John returned from this rather disappointing conquest on 8th September 1185, landing at Sennen Cove in Cornwall. He too is said to have stopped at St Buryan Church and it has been suggested that the purpose of his visit to the area was because he wished to inspect the local mine workings.
In the second half of the 12th century the tin industry was experiencing a boom, something John when he became King wished to encourage. In 1201 he granted a royal charter that exempted tinners from normal laws and taxes and which also allowed them the right to search for tin on common land. This charter also saw the birth of the ‘Stannary Courts’. Cornwall was divided into four districts or stannaires which held their own courts, enforced their own laws and had their own prison at Lostwithiel. Each stannary also appointed six ‘stannators’ who met periodically for a so called ‘Tinners Parliament’, this unique system continued until about 1752.
Perkin Warbeck or King Richard IV
This story is without doubt the most interesting of all the tales of “kings” connected to the beach at Sennen, and although Warbeck never officially took the throne, the Cornish decided to crown him their king anyway.
“In the same fatal year of revolts (1497), Perkin Warbeck, a counterfeit prince, landed in Cornwall, went to Bodmin, assembled a train of rake-hells, assaulted Exeter, received the repulse and in the end sped as is known, and as he deserved.”Richard Carew, The Survey of Cornwall, 1602
Perkin Warbeck had first claimed to be Richard, Duke of York, one of the missing “Princes in the Tower”, in 1490. He then spent several years gathering support from monarchs across Europe with some success.
“The young man bore a striking resemblance to his alleged father, Edward IV, and had the same three body marks said to have been apparent on the king’s youngest son. He also recounted details and conversations from the English court that only King Edward’s youngest son would have known, and revealed an intimate knowledge of the English court and its workings. He also spoke courtly English.
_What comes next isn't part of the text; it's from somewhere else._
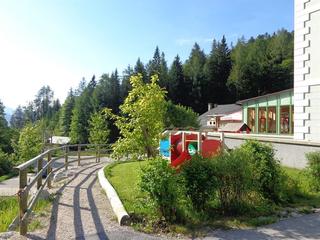 JUFA Hotel Altaussee fotoÄŸrafÄ±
As a result the crowned heads of Europe believed him to be Richard IV of England.”Philippa Langley, Revealing Richard III
When he landed at Sennen Cove on 7th September 1497 it was Warbeck’s second attempt at claiming the throne from Henry VII. It is important to note that the first had been funded by Margaret, Dowager Duchess of Burgundy, the sister of Edward IV and Richard III.
His arrival this time came just weeks after the failed Cornish Rebellion in the June of that year and so it is likely that he intentionally placed himself amongst a people full of resentment and anger and with little to loose. A people looking for a hero and a banner to follow. As a result supporters began flocking to him immediately.
He gathered more and more men to his cause as he moved up across Cornwall and when Warbeck reached Penzance the monks of St Michael’s Mount agreed to take care of his wife, Katherine, while he continued on his campaign. His Cornish supporters are known to have included a number of local noblemen, Tregloos of Brea in St Just, St Aubyn of Clowance and Hugh Godolphin. It is said that Godolphin joined Warbeck’s cause and may have fought with him at Exeter, so it is therefore possible that the so called “Pretender” stayed at Godolphin House near Breage, or indeed any one of these other noble houses, as he made his way across Cornwall.
A couple of weeks after landing at Sennen, around the 16th September, a ceremony was held on Bodmin Moor by a Cornish army of between 3000 and 6000 men in which Perkin Warbeck was declared King Richard IV and his Royal banner was unfurled.
Warbeck’s actions were now drawing the very serious attentions of Henry VII and the king sent a letter to William Courtenay in Cornwall, whose wife Catherine was sister to the queen.
“A characteristic letter of Henry VII is preserved at Boconnoc, then the seat of the Courtenays, addressed to his “right trusty and well beloved cousin Courtenay, Earl of Devonshire” and dated the 16th September 1497, so it appears that the rebels were at or around Bodmin for four or five weeks. The Earl was directed to circumvent the enemy, to throw out chivalry, to cut off foragers, drive in stragglers and huddle the insurgents together, who, wanting supplies and harassed night and day would be “discomfited” without any peril.”The Cornishman, 2 July 1931
Whether these actions were carried out or not isn’t clear but soon after Warbeck and his Cornish army marched to Exeter and then on the Taunton.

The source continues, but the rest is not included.